The Hosni Mubarak era will be evaluated according to the figures present in it and who were “central” in influencing the country’s decisions and policies. Today, in the final stages of his rule, the Hosni Mubarak era will be judged negatively thanks to the presence of figures like [former Interior Minister] Habib al-Adly, [former Housing Minister] Ahmed al-Maghrabi, [former National Democratic Party member] Ahmed Ezz, and [former Egyptian Tourism Minister] Zuhair Garana, controlling and oppressing the scene. These figures overpowered sincere and honest figures like [newly appointed Egyptian PM] Ahmed Shafiq, [newly appointed Egyptian VP] Omar Suleiman, and [former Trade Minister] Rashid Mohamed Rashid.
Corruption breeds despotism, and despotism results in injustice. The [political] parties put forward by the Arab regimes to “sell” democracy – as a political commodity – to the people have become forces for oppression and repression, resulting in immeasurable public discontent and anger. This can best be seen by the Arab Social Union during Egypt’s Nasserite era, as well as the response to the Baathist party in Iraq, and the Constitutional Democratic Rally in Tunisia, as well as the ruling parties in Yemen and Sudan, not to mention, of course, the National Democratic Party in Egypt.
War became a means to strengthen rule rather than to participate in it…and these parties worked to weaken their political opposition rather than opening the arena for genuine political participation in the general public interests. The National Democratic Party in Egypt went astray following the battle between its old guard and the new guard. This gave rise to [political] cronyism and strengthened political thuggery, as well as resulted in the marriage of political interests and financial ambition.
Corruption is the people’s greatest enemy and the corrupting and the corrupted are not the greatest danger, but rather the presence of a culture that enables corruption. This sees ministers passing and facilitating projects for one party or another…and as a result this state of corruption gives rise to despotism, and this is something that occurs quietly without anybody commenting on this, regardless of the danger that it represents.
The recent barbaric attacks against the demonstrators in Tahrir Square in Cairo by protestors described as being pro-Mubarak supporters, riding on camels and donkeys and wielding knives and swords in a scene reminiscent of [Egyptian] film “Viva Zalata” is a realistic portrayal of the current situation in the country.
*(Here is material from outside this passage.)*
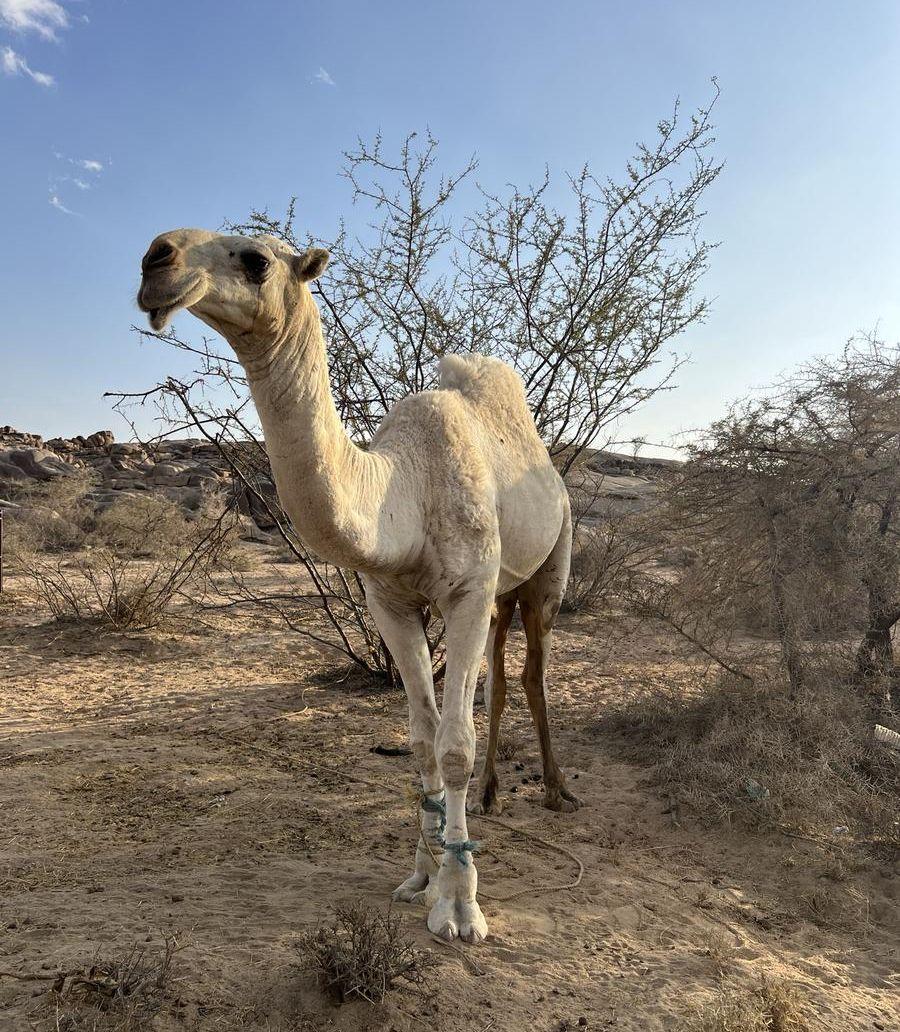 قعود للبيع مشروط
For at the same time that political reform has been announced in a clear manner by Egyptian Vice President Omar Suleiman and Egyptian Prime Minister Ahmed Shafiq, an army of thugs backed by the leadership of the National Democratic Party and some private businessman – as has been repeated by the media – attacked these demonstrators. This indicates a clear split between the politicians and the thugs, between the sincere patriots and the opportunists. Gradually, the roles held by honorable patriotic figures in Mubarak’s regime have decreased, and figures such as [former Interior Minister] Ahmed Rushdi, [former prime minister] Kamal Ganzouri, [Egyptian diplomat] Osama El-Baz, [Egyptian parliamentary foreign affairs committee chairman] Mustafa al-Faki, [Arab League Secretary-General] Amr Musa, and [Egyptian ambassador] Nabil Fahmy, and others have been replaced by publicly hated figures. This has reached the point that the past few years have seen been full of the public cries objecting to these figures in a manner that nobody can deny.
Corruption remains the greatest pitfall to the dreams and aspirations of a people and the best intentions of good men, and what happened in Egypt will be evaluated in depth until we learn the lesson from this. However we are still betting that Egypt will emerge from this crisis stronger than before, in the same manner that it has in the past.